Captioned web image data:
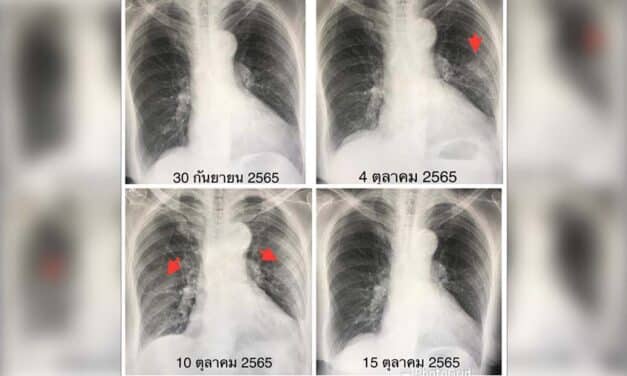 “หมอมนูญ” ระบุ กรณีผู้ป่วยสูงอายุติดเชื้อ “ไวรัส RSV” พบมีอาการหนักกว่าโควิด-19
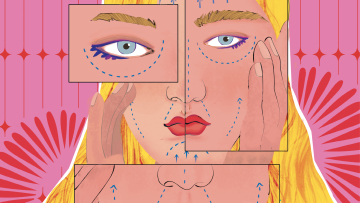 Στην ηλικία που οι γυναίκες δεν χρειάζονται ούτε κραγιόν τα κορίτσια σήμερα κάνουν αισθητικές επεμβάσεις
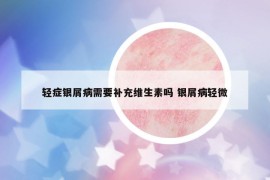 輕癥銀屑病需要補(bǔ)充維生素嗎 銀屑病輕微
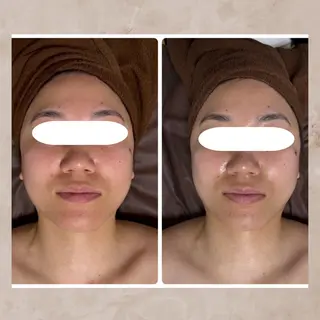 Total Beauty Salon Vi's CLUB by BINEL所属・Vi's CLUB KOTONOのエステ・リラクイメージ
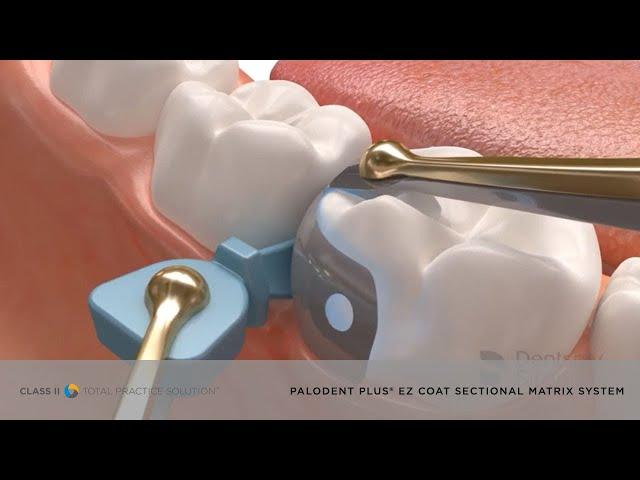 Palodent® Plus EZ Coat System – Sectional Matrix System | Dentsply Sirona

» **Task goal**:
A word-for-word copy of all the data, without pictures, is the expected output.

» **Answer**:
 “หมอมนูญ” ระบุ กรณีผู้ป่วยสูงอายุติดเชื้อ “ไวรัส RSV” พบมีอาการหนักกว่าโควิด-19
 Στην ηλικία που οι γυναίκες δεν χρειάζονται ούτε κραγιόν τα κορίτσια σήμερα κάνουν αισθητικές επεμβάσεις
 輕癥銀屑病需要補(bǔ)充維生素嗎 銀屑病輕微
 Total Beauty Salon Vi's CLUB by BINEL所属・Vi's CLUB KOTONOのエステ・リラクイメージ
 Palodent® Plus EZ Coat System – Sectional Matrix System | Dentsply Sirona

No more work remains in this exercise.